US 11,934,783 B2
Systems and methods for enhanced review comprehension using domain-specific knowledgebases
Yoshihiko Suhara, Los Altos, CA (US); Behzad Golshan, Mountain View, CA (US); Yuliang Li, Cupertino, CA (US); Chen Chen, Sunnyvale, CA (US); Xiaolan Wang, Mountain View, CA (US); Jinfeng Li, Mountain View, CA (US); Wang-Chiew Tan, San Jose, CA (US); çagatay Demiralp, Mountain View, CA (US); and Aaron Traylor, Providence, RI (US)
Assigned to RECRUIT CO., LTD., Toyko (JP)
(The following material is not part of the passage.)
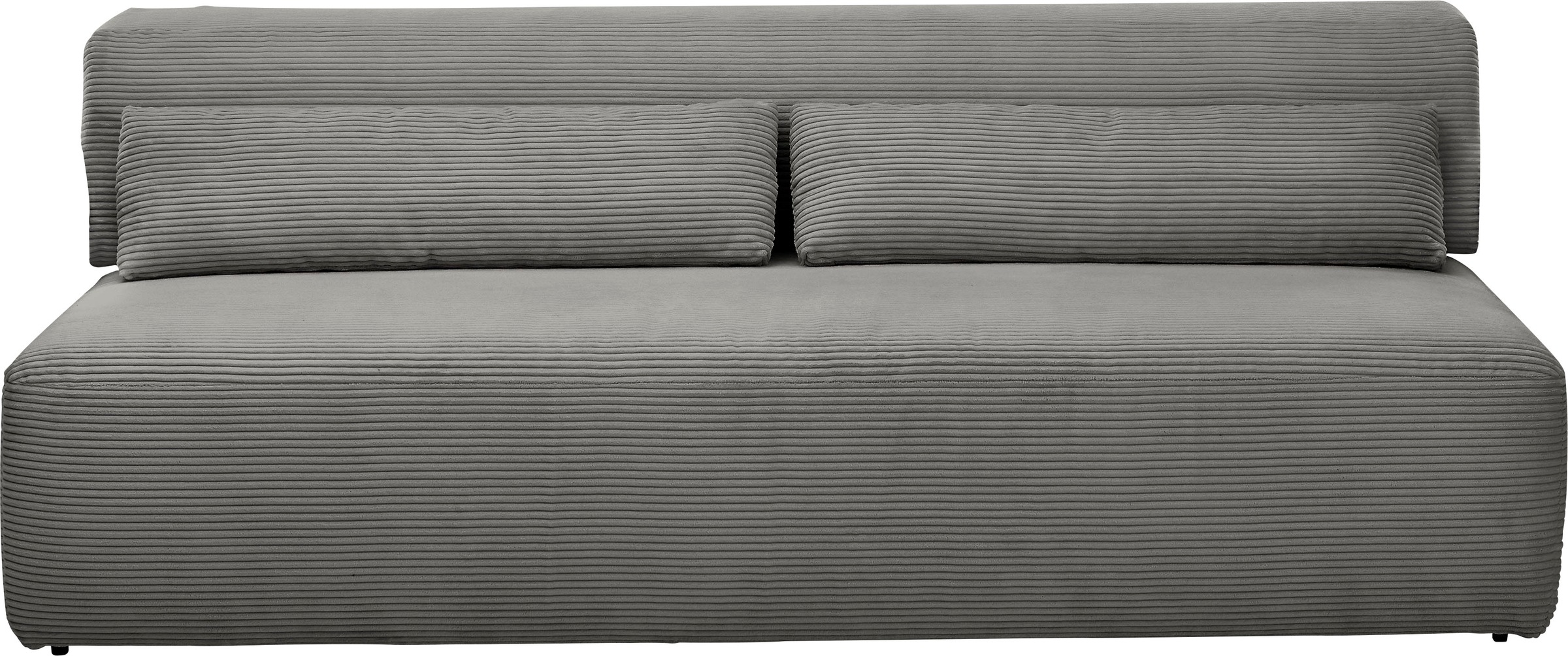 INOSIGN Schlafsofa »Donka Dauerschläfer-geeignet, belastbar bis 270 kg incl günstig online kaufen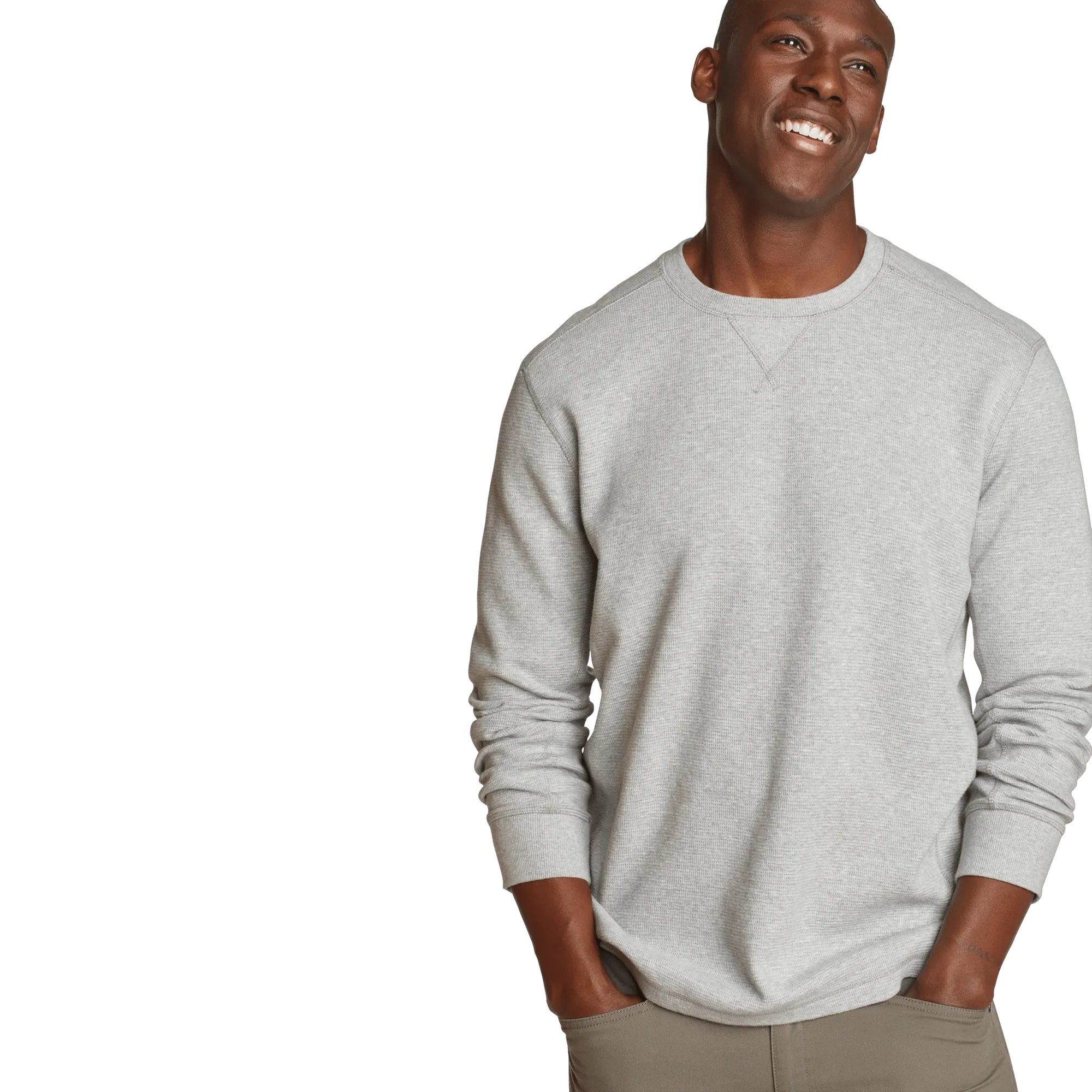 13338-men-s-eddie-s-favorite-ultrasoft-thermal-crew-10.webp Men's Eddie's Favorite Ultrasoft Thermal Crew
Filed by Recruit Co., Ltd., Tokyo (JP)
Filed on Apr. 4, 2023, as Appl. No. 18/295,735.
Application 18/295,735 is a continuation of application No. 17/008,572, filed on Aug. 31, 2020, granted, now 11,620,448.
Prior Publication US 2023/0281390 A1, Sep. 7, 2023
Int. Cl. G06F 40/284 (2020.01); G06F 16/35 (2019.01); G06F 18/211 (2023.01); G06N 7/01 (2023.01)
CPC G06F 40/284 (2020.01) [G06F 16/35 (2019.01); G06F 18/211 (2023.01); G06N 7/01 (2023.01)] 20 Claims
OG exemplary drawing
 
1. A non-transitory computer readable storage medium storing instructions that are executable by a review comprehension system that includes one or more processors to cause the review comprehension system to perform operations for natural language processing, the operations comprising:
receiving input text;
extracting, from the input text, a modifier and aspect pair;
generating a first data structure based on the modifier and aspect pair;
generating a second data structure based on the modifier and aspect pair;
computing a dense representation of the modifier and aspect pair based on the first data structure and the second data structure;
generating candidate premise-conclusion pair based on the cosine similarity of the modifier and aspect pair to other modifier and aspect pairs; and
including premise-conclusion pair in a database, wherein the candidate premise-conclusion pairs relationship is verified using a machine learning model to other candidates for marking for inclusion in the database.